BBC News:
The December sun is baking on the Heng Chun peninsula, the tongue of land that juts out from the bottom end of Taiwan into the Philippine Sea.
A half-smoked cigarette pokes from the corner of Hsu Keng-Jui’s mouth. He is part of a network of volunteers – most of them veterans like him – who track the now-constant presence of Chinese ships and aircraft just outside Taiwan’s territorial limit.
Using plastic zip ties, Mr Hsu straps a long radio antenna to a steel railing, then sits down with his portable radios and begins to scan the military channels. At first all we hear is the soft southern lilt of the Taiwan coastguard directing sea traffic. Then a different accent and a different tone comes through the heavy static. It’s the Chinese navy.
China has been ramping up the pressure ahead of a pivotal presidential race in Taiwan, an island it has long seen as a renegade province. With just weeks to go, Beijing looms larger than ever before – on the ballot, and at Taiwan’s borders.
“We represent all the people of China,” the voice from the Chinese navy intones. “The People’s Republic of China is the only legitimate government of China, and Taiwan is an inseparable part of China.”
Dragging on another cigarette, Mr Hsu looks unmoved: “I hear it every day now. It’s like they’re reading from a script.”
Another voice comes across the airwaves. It’s the captain of a Chinese tugboat, just three miles off Taiwan’s coast.
The captain has been asked to move out of Taiwan’s territorial waters, but he refuses: “What territorial waters are you talking about? Taiwan doesn’t have any territorial waters!”
Mr Hsu is suddenly furious. He leaps up, grabs a handset and lets loose a stream of invective over the airwaves. He swears as he sits back down, muttering, “Who does he think he is?”

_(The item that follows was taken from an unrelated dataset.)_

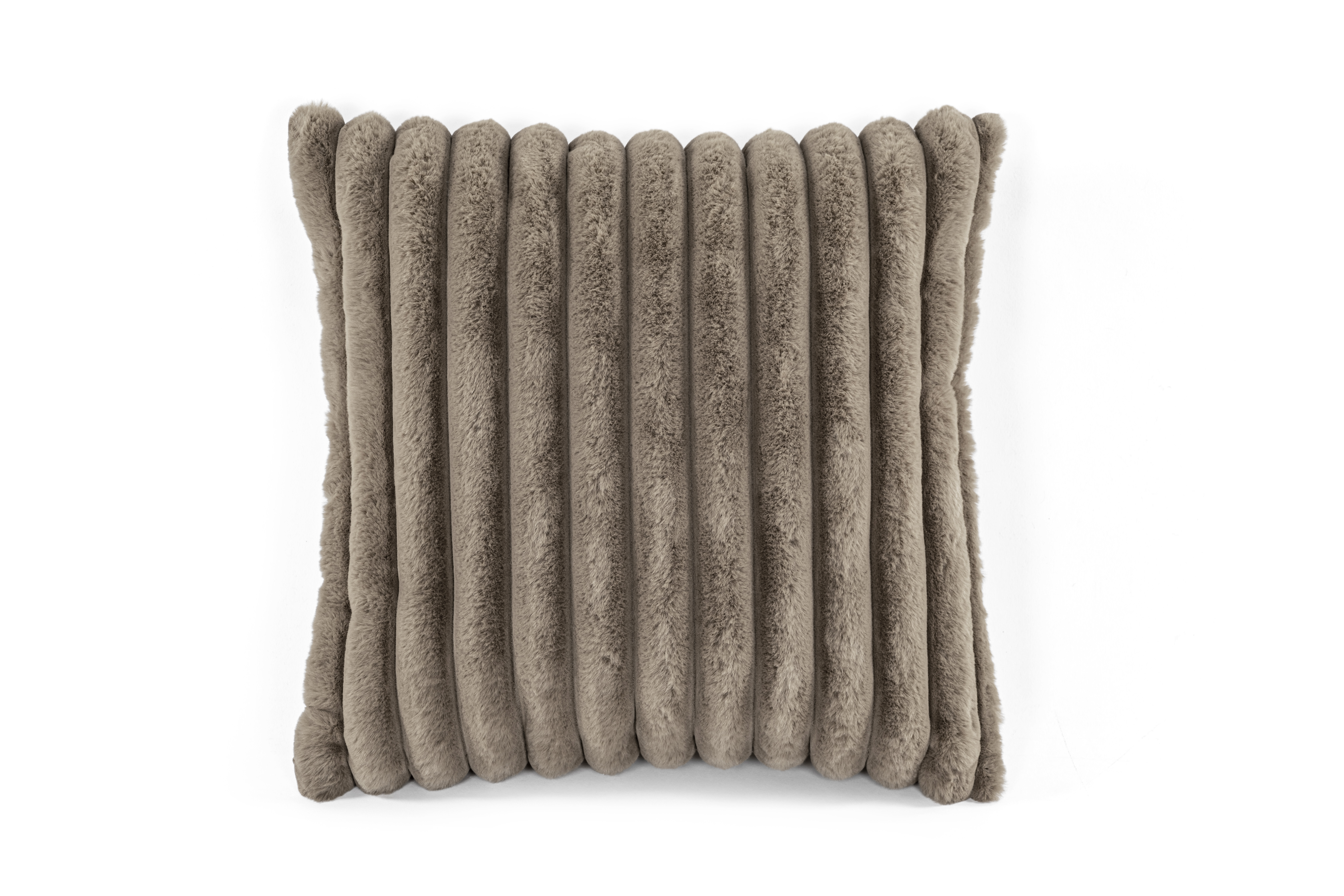 Cushion (filled) Rabbit stripe fur - 45x45cm, taupe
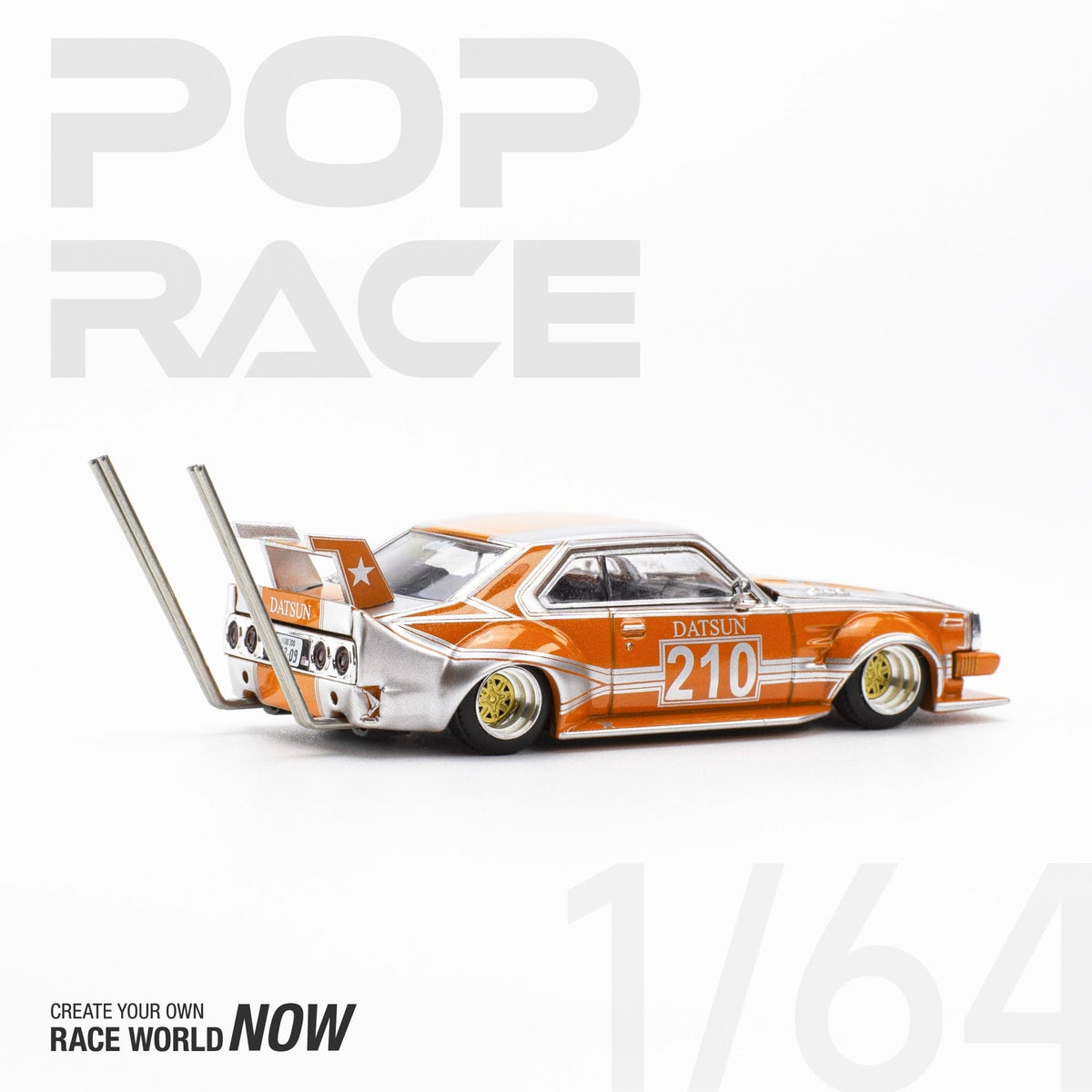 Skyline C210 Kaido Racer Bosozoku Style Orange Silver Pop Race 1/64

For decades the governments in Beijing and Taipei had an unwritten agreement not to stray across a median line that divides the 110-mile-wide strait between them. Now China is crossing it almost daily, at sea and in the air. On one day in September the People’s Liberation Army sent more than a 100 aircraft towards Taiwan, 40 of which crossed the median line.
This so-called “grey zone warfare” is meant to “subdue the enemy without fighting” to borrow the words of a legendary Chinese military strategist. In this case the enemy is Taiwan’s government, those who support Taiwan’s permanent separation from China, and its foreign allies in the United States and Japan.
“China is sending a very strong message to the United States and even Japan,” says retired Admiral Lee Hsi-min, a former commander of Taiwan’s armed forces. “It’s telling them that Taiwan is part of China. That this is our area so we can do whatever we want here. Meanwhile it’s aimed at making Taiwanese people scared and making them capitulate.”